About
At the intersection of human cognition and artificial systems, I research the paradigms of intelligence, reasoning and decision-making mechanisms with bayesian perspective.
Biography
I am currently pursuing my research as an independent researcher in the Cognitive Science program at Yeditepe University and Computational Intelligence group at Istanbul University. Prior to that, I worked in industry for 14 years on Machine Learning and Artificial Intelligence; I led teams in Engineering Management and Director of AI Engineering positions and built artificial intelligence systems. In the fast-paced world of industry, my passion for getting to the root of the problem rather than just producing practical solutions led me to academia and independent research.
Publications
Beyond Final Answers: Information-Architecture Blindness in LLM Belief Updating
M. Emre Bilgin
conference 2026
tldr Final-answer accuracy can hide important failures in LLM reasoning. We introduce a human-grounded, Bayesian-referenced benchmark showing that many LLMs fail to update their beliefs at the right time and for the right kind of evidence. We call this failure mode information-architecture blindness: weak sensitivity to whether evidence is carried by individual cues or by relations between cues.
A Partially Shared Latent Neural Space for Deductive Reasoning
M. Emre Bilgin
conference 2026
tldr Most reasoning fMRI studies ask which brain regions activate. This project asks a different question: can trial-wise brain activity during reasoning be explained by a small number of latent neural factors? We compare syllogistic and transitive reasoning, estimate ROI-level activity for each trial, and use PCA/factor analysis to search for stable low-dimensional structure. Functional connectivity is used as a complementary check: do these latent factors reflect coordinated network activity?
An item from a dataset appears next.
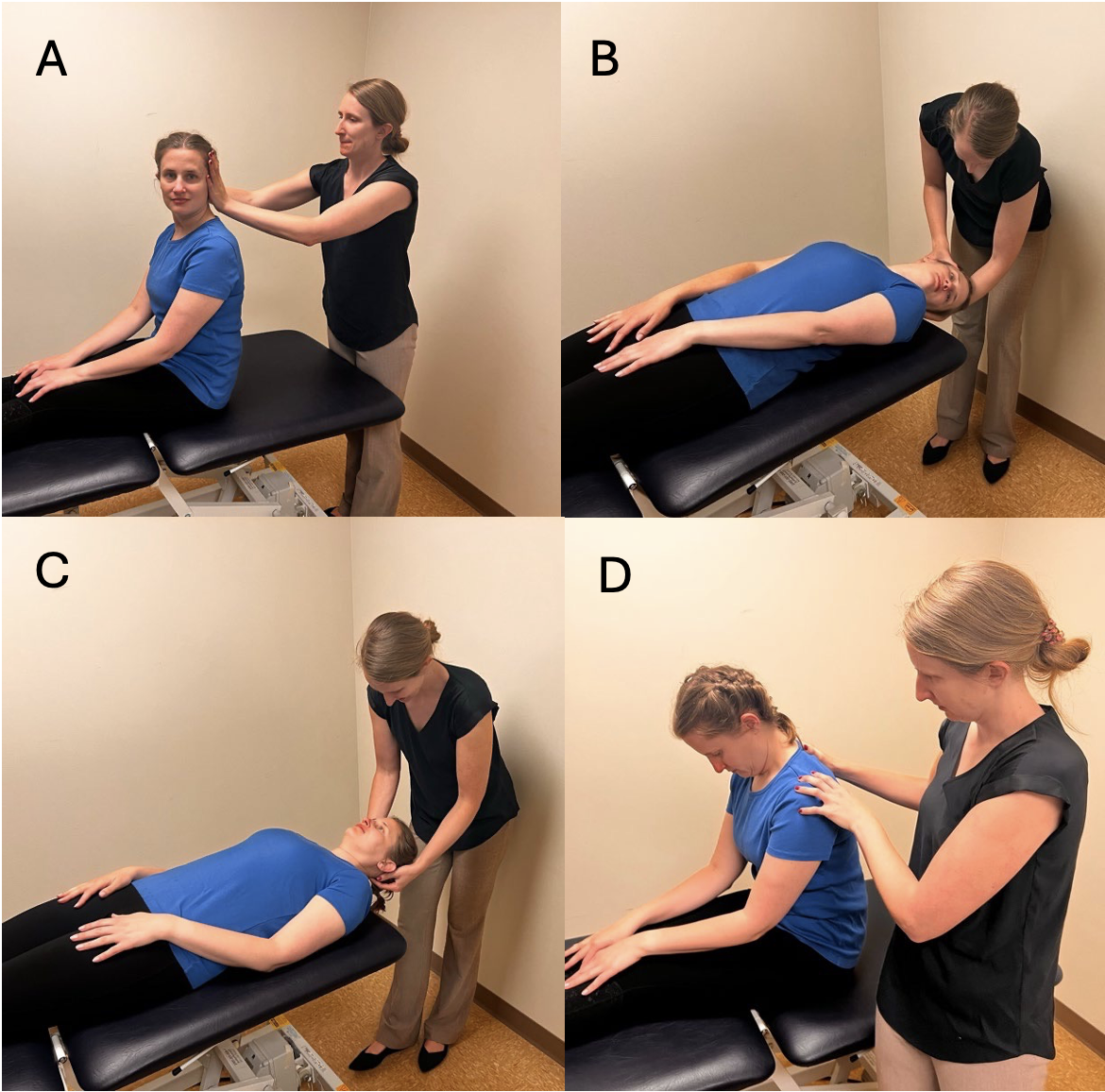 Figure: Kim maneuver for right-sided anterior canal BPPV. The perspective is from an examiner standing on the patient’s left side. Adapted from materials at the University of Michigan.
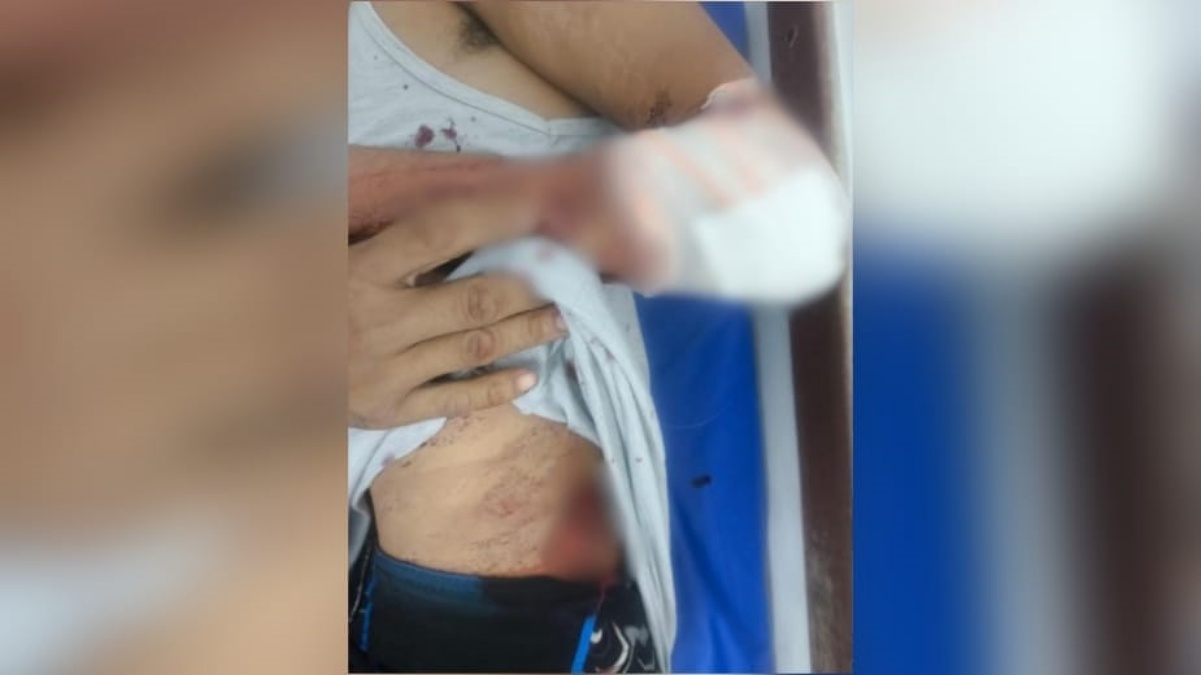 Imagem da vítima ferida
Information Decomposition Shapes Human Reasoning
M. Emre Bilgin
conference 2026
tldr This study examines whether people, when making decisions under uncertainty, are sensitive not only to the question “How much evidence is there?” but also to how the evidence is organized. Initial pilot findings suggest that redundant information is utilized more directly, while synergistic information is more difficult to process but becomes actionable once connections are established. In short: What matters in reasoning is not just the amount of information, but its architecture.
Query-Conditioned Active Causal World Models for Language Agents
M. Emre Bilgin
conference 2026
tldr LLM agents should not answer causal questions immediately when the necessary evidence is missing. We propose a query-conditioned causal agent that first asks: Do I have enough evidence to answer this specific causal question? If not, it selects the most useful next action—observe, intervene, retrieve, ask, or simulate—to reduce uncertainty about the target answer. The goal is not to learn the whole causal graph, but to gather just enough causal evidence to answer well.